Puppets make for a wooden "Windsor"
By Robert Hurwitt
June 5, 2006


The wives are truly merry, but "The Merry Wives of Windsor" that opened Saturday at the Bruns Amphitheater is not. Meant to be an audacious blend of live action and innovative puppetry, the California Shakespeare Theater's season opener simply proves that -- whatever he achieved in other branches of the dramatic arts -- Shakespeare didn't write very good puppet shows.

It also demonstrates how empty "Merry Wives" can be without Falstaff. Which is not to say that the fat knight is physically absent from director Sean Daniels' production. The huge but oddly weightless Falstaff puppet -- with its bulbous nose, almost toothless mouth, fringe of white beard and spiky-stubble hair -- is the biggest thing onstage. He's also played by one of the Bay Area's finest comic actors, Ron Campbell. But Campbell is so completely hidden within the puppet that even his line readings are muffled. And the puppet is so inexpressive that Falstaff is reduced to an occasionally comic prop.
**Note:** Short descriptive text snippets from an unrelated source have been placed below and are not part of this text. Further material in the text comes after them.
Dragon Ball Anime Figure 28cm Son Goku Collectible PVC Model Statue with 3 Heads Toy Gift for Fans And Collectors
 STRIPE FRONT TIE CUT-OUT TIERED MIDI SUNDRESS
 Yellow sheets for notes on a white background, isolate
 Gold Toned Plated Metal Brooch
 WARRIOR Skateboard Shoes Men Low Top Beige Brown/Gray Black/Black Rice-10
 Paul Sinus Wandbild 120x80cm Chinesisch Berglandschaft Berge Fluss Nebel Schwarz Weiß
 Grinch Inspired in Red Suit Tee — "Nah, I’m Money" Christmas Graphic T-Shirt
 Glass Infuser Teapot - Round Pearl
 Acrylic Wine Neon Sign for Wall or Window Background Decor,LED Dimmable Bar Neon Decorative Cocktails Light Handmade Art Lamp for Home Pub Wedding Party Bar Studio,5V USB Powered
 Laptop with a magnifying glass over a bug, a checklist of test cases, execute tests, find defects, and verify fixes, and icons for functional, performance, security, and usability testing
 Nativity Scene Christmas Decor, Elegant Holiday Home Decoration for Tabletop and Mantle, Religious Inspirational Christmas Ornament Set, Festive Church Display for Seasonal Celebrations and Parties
However unlikely the oft-told tale that Queen Elizabeth was so entertained by the witty, roguish knight in "Henry IV, Part 1" that she commanded Shakespeare to write a comedy about Falstaff in love, the story holds a kernel of truth. There can be little doubt that "Wives" was written to take advantage of the character's immediate popularity. That said, it's also true that this Falstaff is a pretty pale shadow of the "Henry IV" creation, mostly a foil for the comedy of the wives' revenge against him. There's a lot of other comedy in the play, some of which comes through in Daniels' production.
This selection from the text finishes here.